Nico Melanine a écrit :Comme toujours les commentateurs autorisés – politiques et journalistes bien-pensants, inspecteurs de police, etc. - sont prompts à condamner la violence. Ce qu’ils ne mentionnent jamais c’est comment les mêmes causes, dont ils sont directement responsables – misère sociale, diabolisation de la population locale, harcèlement policier, etc. - amènent toujours les mêmes conséquences. De quel côté se trouve la violence ?
(...) Pour la plupart des jeunes noirs ici, les problèmes sont exactement les mêmes qu’avant. Le problème principal est toujours le racisme institutionnel et son impact, que ce soit à travers le mauvais comportement de la police, une éducation défaillante ou le manque de travail.
Mais le contexte social et économique est tout autant à déplorer ici. La situation est ce qu’elle est tout simplement en raison de la dégradation des conditions de la population locale qu’un système capitaliste en crise ne peut qu’accentuer. Le quartier de Tottenham a un des taux de chômage les plus importants de Londres. Plus de 10.000 personnes sont à la recherche d’un emploi, ce qui signifie qu’il y a plus de 54 personnes pour chaque emploi vacant. Depuis les mesures d’austérité introduites par le nouveau gouvernement, la plupart des salaires ont été gelés et ne suivent plus l’inflation galopante. Le prix de la nourriture a augmenté de plus de 5% ces derniers mois. Les loyers, même à Tottenham, sont exorbitants. Le nombre de logements sociaux diminue depuis que Thatcher a permis à chaque habitant de s’endetter pour pouvoir racheter son logement social, et aucune loi n’oblige les
boroughs (terme désignant l’entité légale que représente chaque regroupement de quartiers Londonien, comme les arrondissement à Paris) à construire davantage de logement social. En 4 ans, de 2006 à 2009, seulement 328 logements sociaux ont été construits dans tout le
borough d’Haringey (qui comprend entre autres le quartier de Tottenham). De façon générale, les résidents ressentent de la frustration et de l’aliénation par rapport à un monde qui leur vend une réalité différente de la leur, scintillante et inaccessible, alors qu’ils savent très bien que la meilleure situation à laquelle ils peuvent aspirer, c’est celle d’un travail pénible, ennuyeux et sous-payé.

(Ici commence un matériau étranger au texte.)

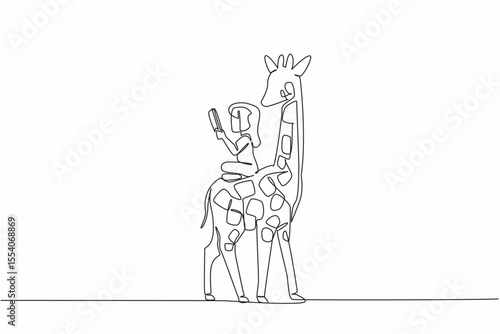 Single one line drawing girl reading book on cute giraffe. Read about the tallest living land animal. Increase knowledge. Girl Reading Book at Animal Back. Continuous line design graphic illustration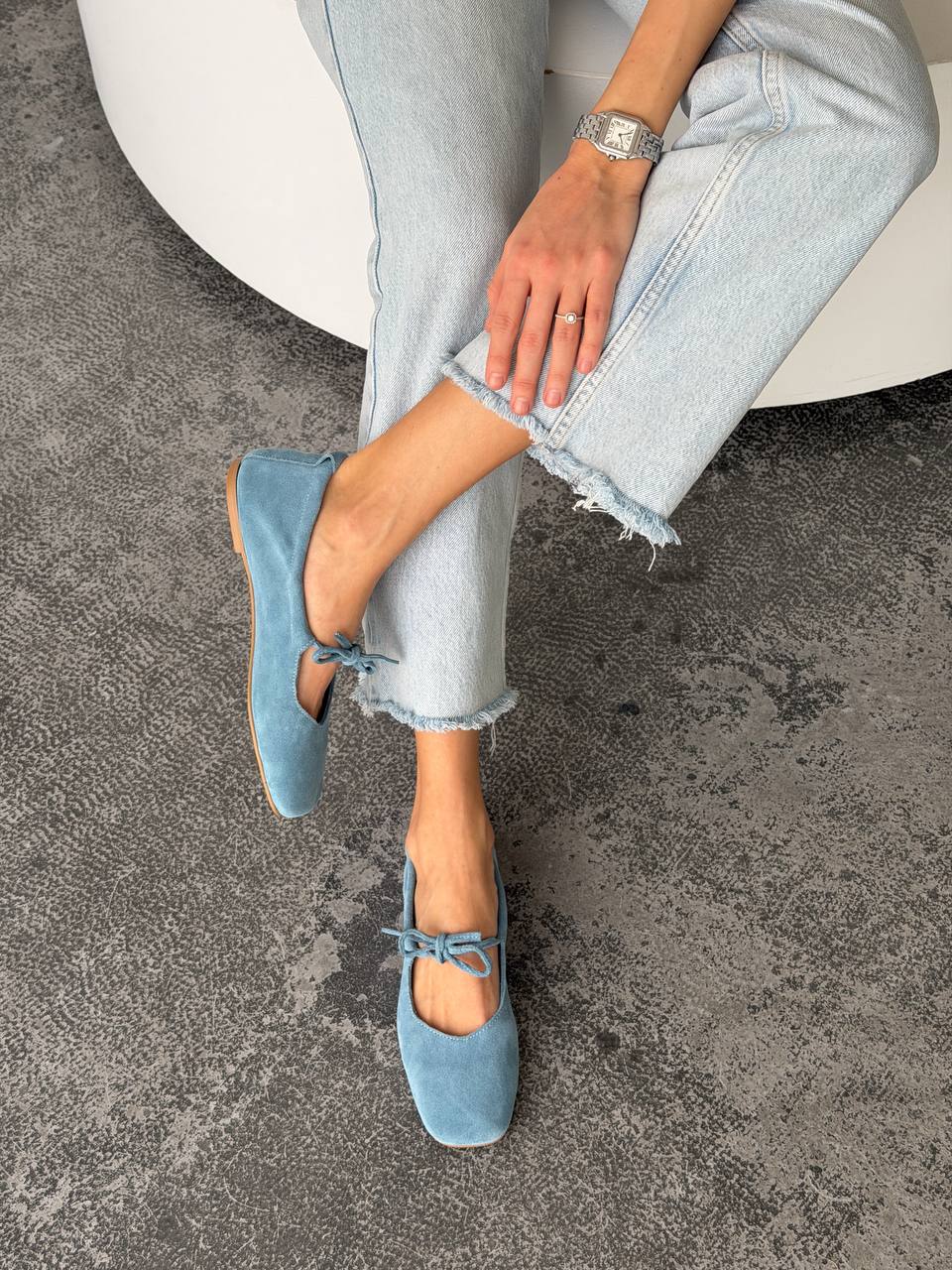 Балетки з анатомічно-розширеним носиком, блакитний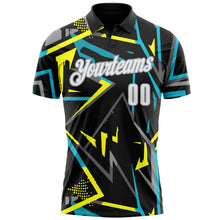 Laden Sie das Bild in den Galerie-Viewer, Uksn Individuelles Schwarz Weiß-Grau 3D Bowling Funktions-Poloshirt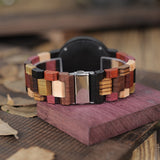 Wood Watch Men Women Quartz Week Date Timepiece Colorful Wooden Band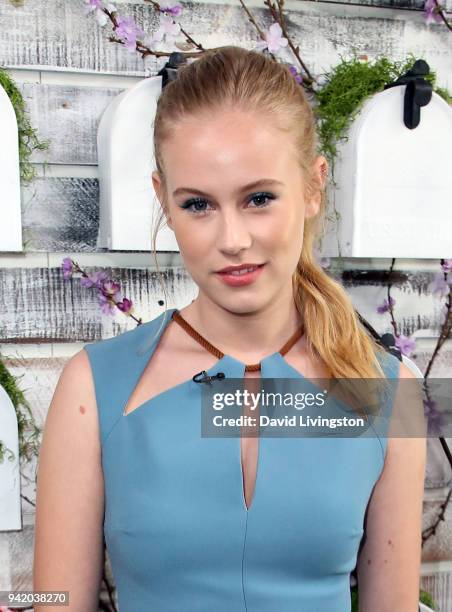 Actress Danika Yarosh visits Hallmark's "Home & Family" at Universal Studios Hollywood on April 4, 2018 in Universal City, California.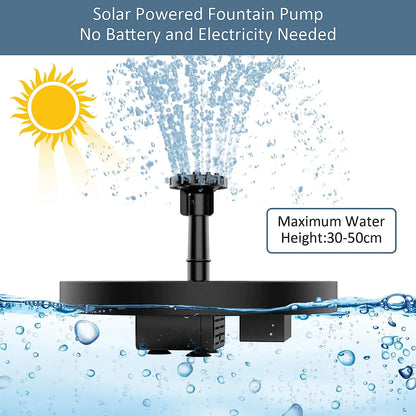 5.1" Solar Bird Bath Fountain Pump - Floating Water Feature with 6 Spray Nozzles - Eco-Friendly Pond Aerator for Garden & Patio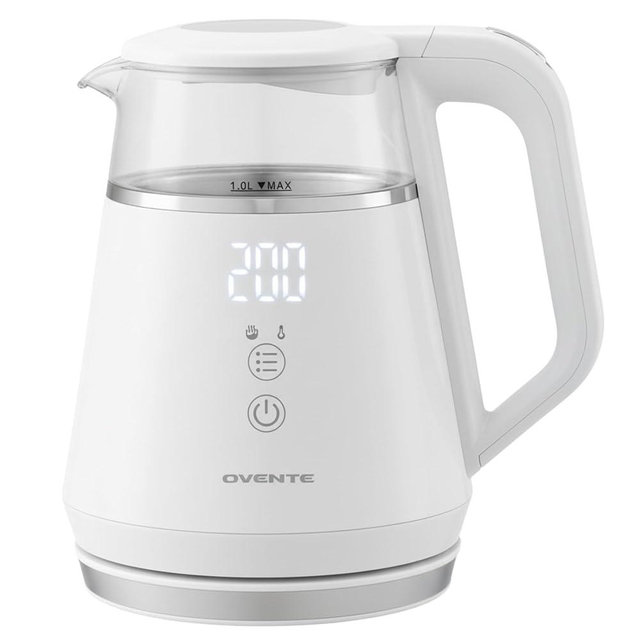 OVENTE 1L Small Electric Kettle with 5 Temperature Preset, Digital Display, 5Hr Keep Warm, Auto Shut-Off, Double-Wall Cool Touch Exterior, Borosilicate Glass,1500W BPA Free Water Boiler, White KD95W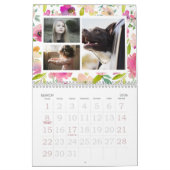 ブルーミングシックなピンクのフローラカスタムファミリーフォト カレンダー (3月 2026)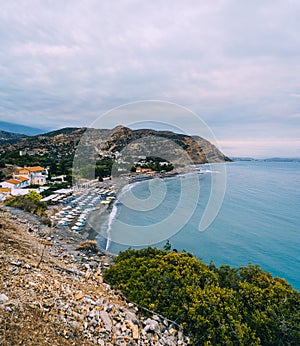 Aerial Top Panorama view of Aghia Galini beach at Crete island in Greece. South coast of the Libyan sea.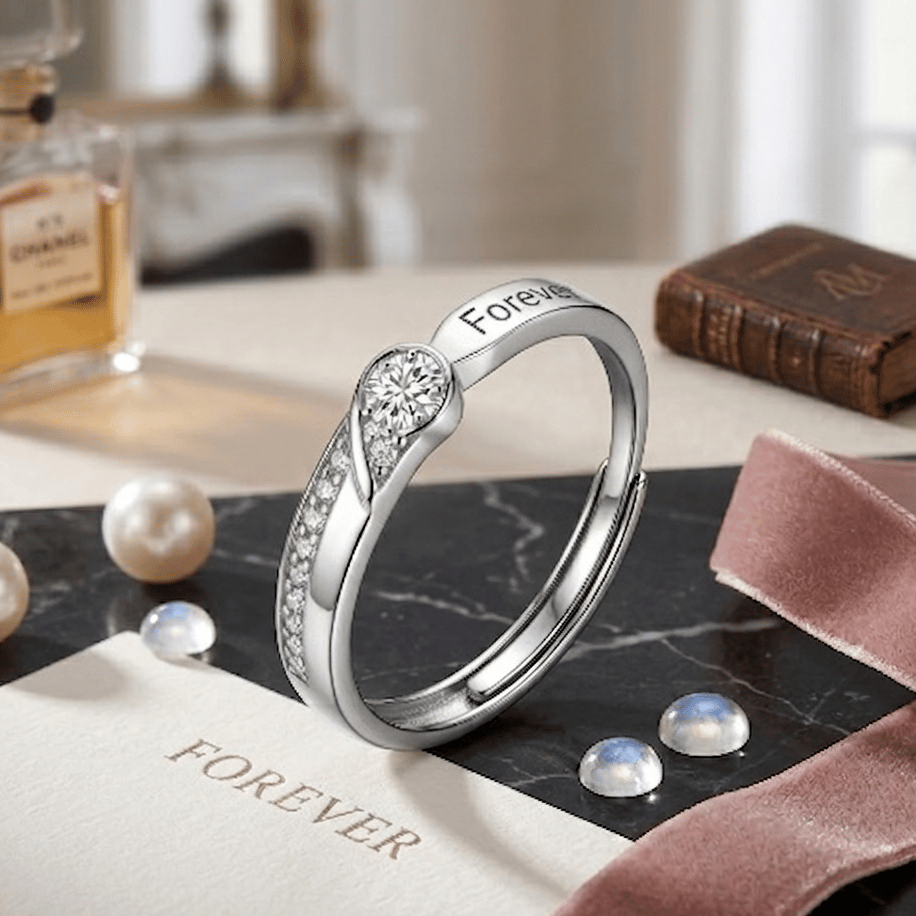 925 Sterling Silver Forever Zircon Adjustable Ring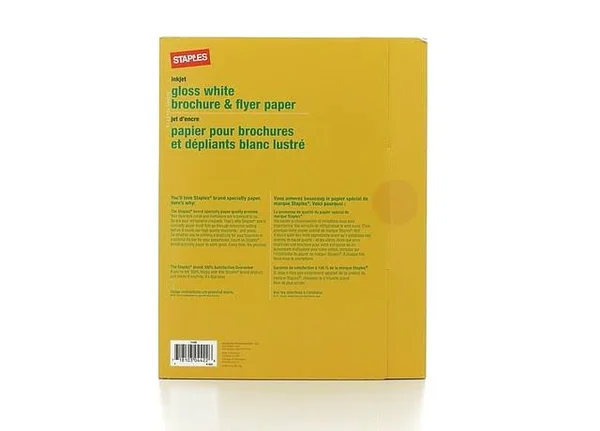 Staples Inkjet Gloss White Brochure & Flyer Paper - 150 sheets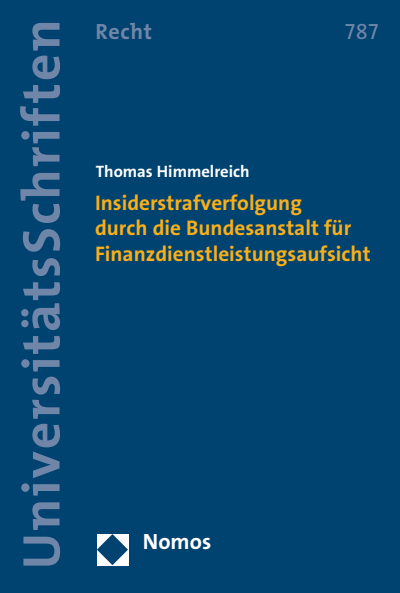 Cover des Buchs: Insiderstrafverfolgung durch die Bundesanstalt für Finanzdienstleistungsaufsicht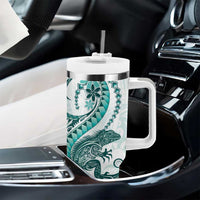 Teal Maori Tuatara Tumbler With Handle Luxury Pastel Pattern LT01 - Polynesian Pride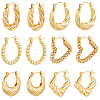 6 Pairs 6 Style 304 Stainless Steel Hoop Earrings for Women EJEW-BBC0001-96-1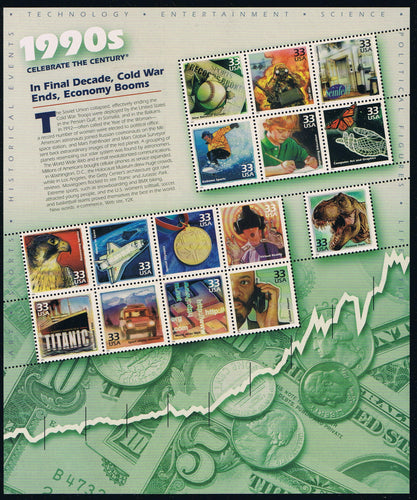 #3191 (2000) Celebrate the Century, 1990's - Pane, MNH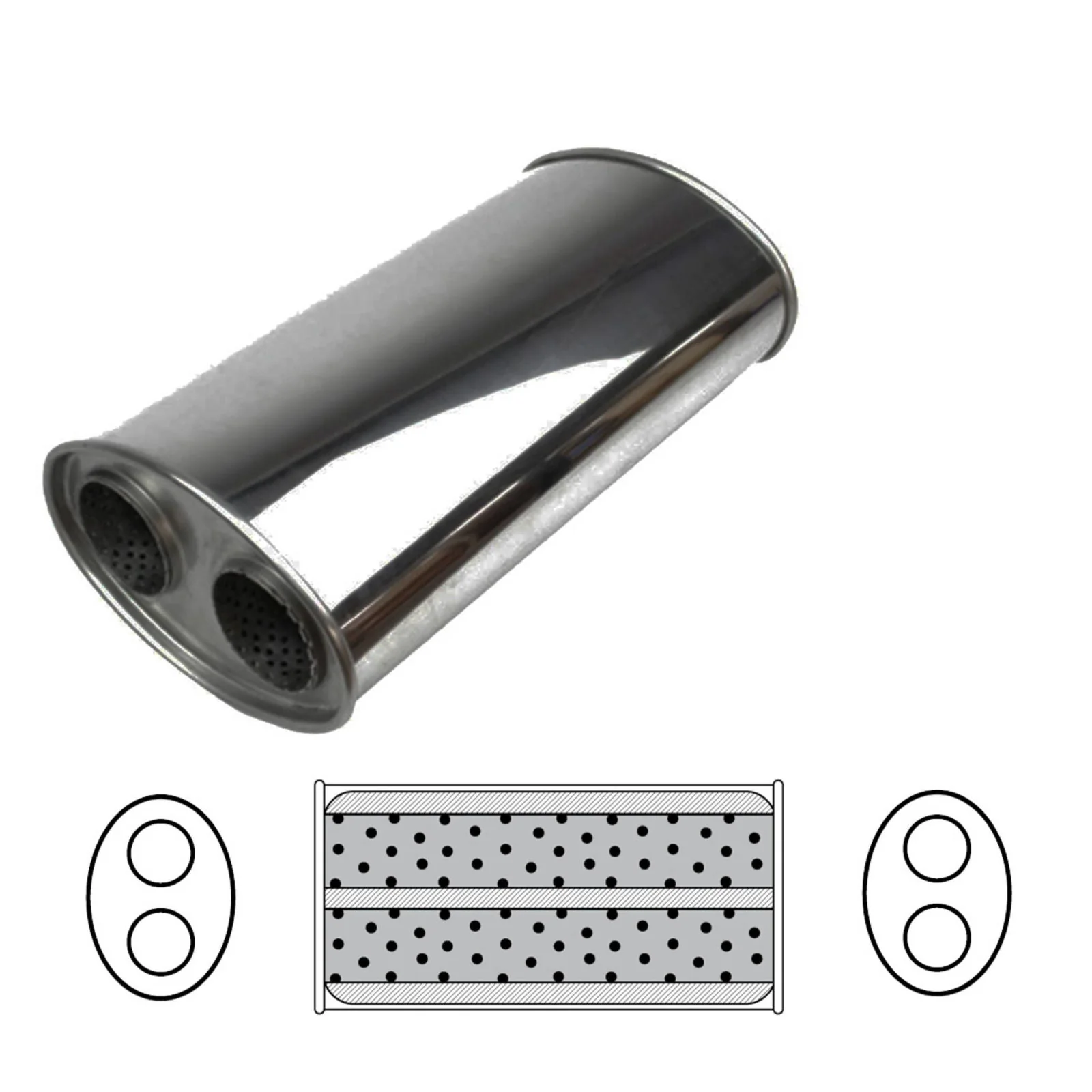 REDBACK | Twin 3" In / Twin 3" Out Megaflow Sports Muffler 8"x5" Oval 14" Long | D834GPX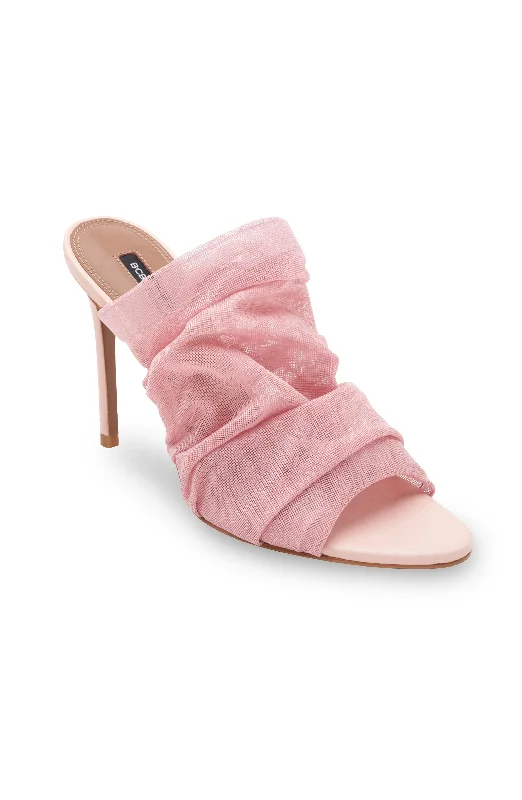 SARANI BLUSH RUCHED MESH WIDE BAND HEEL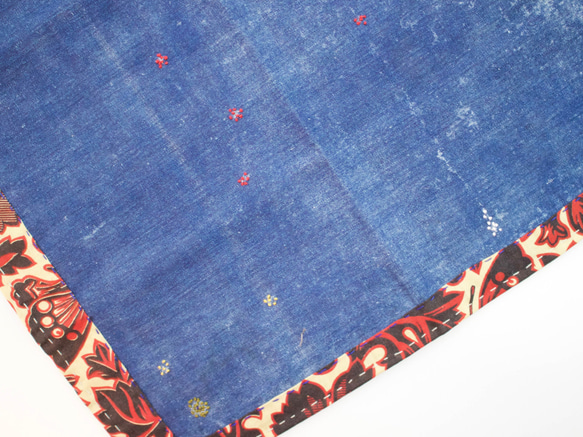 昭和の藍染で作った　古代裂（古代ぎれ）手縫い花ふきん11 5枚目の画像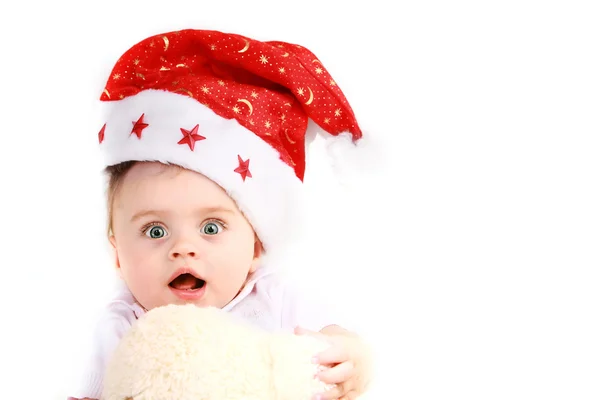 Surpreendido pequeno Papai Noel em um fundo branco — Fotografia de Stock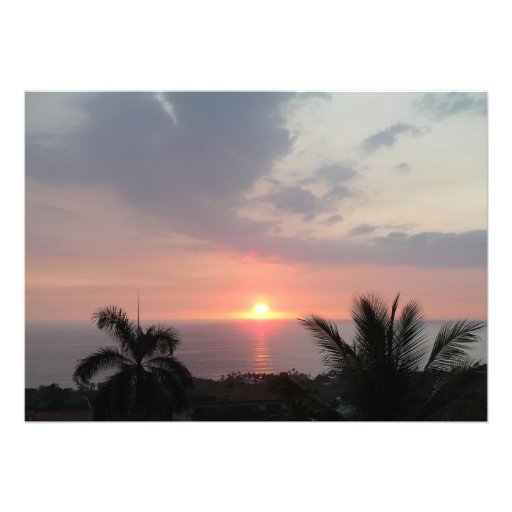 Faire-part de mariage hawaïen de coucher du soleil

Et la violence réelle, c’est celle-là. Ce n’est pas celle dénoncée par les politiques, journalistes et policiers. C’est celle du gouvernement qui s’acharne à faire payer la crise financière aux classes populaires, qui pratique une politique anti-sociale en coupant les budgets de tous les services publics, qui coupe l’allocation de maintenance d’éducation (EMA) pour les jeunes les plus pauvres de moins de 18 ans, qui augmente les frais d’université pour les jeunes étudiants, qui démantèle la NHS, qui réduit drastiquement les ressources des régions et des
boroughs les plus pauvres de Londres. C’est une violence ciblée. C’est aussi la violence du
borough de Haringey, qui a voté en février la réduction de son budget de £41 millions de livres, la plus grosse de son histoire. La communauté locale, active et mobilisée depuis plusieurs mois avant cela, avait alors tenté de réagir. A l’issue d’une énième manifestation ignorée, la mairie avait été occupée de façon pacifique dans l’espoir d’empêcher ce vote destructeur, mais les élus locaux leur avaient envoyé la «
riot police» (TSG), équivalent local des CRS. Les conséquences de ce vote furent directes et désastreuses. Ce n’est qu’un début, mais il signifie déjà la fermeture ou la dégradation de beaucoup d’infrastructures et de services sociaux, des maisons de retraites, des services de santé mentale, des parcs, des bibliothèques, des piscines, des associations communautaires mais aussi de tous les clubs de jeunes (
youth clubs). En effet, 13 associations et clubs de jeunes viennent d’être fermés ces derniers mois à Haringey. Il y a à peine deux semaines, le
Guardian publiait sur son site une vidéo qui révélait l’impact que ces fermetures pourraient avoir sur la communauté locale. Un des jeunes interviewés finit l’interview, dépité, sur ces mots, qui semblent maintenant prophétiques : «Y aura des émeutes… y aura des émeutes».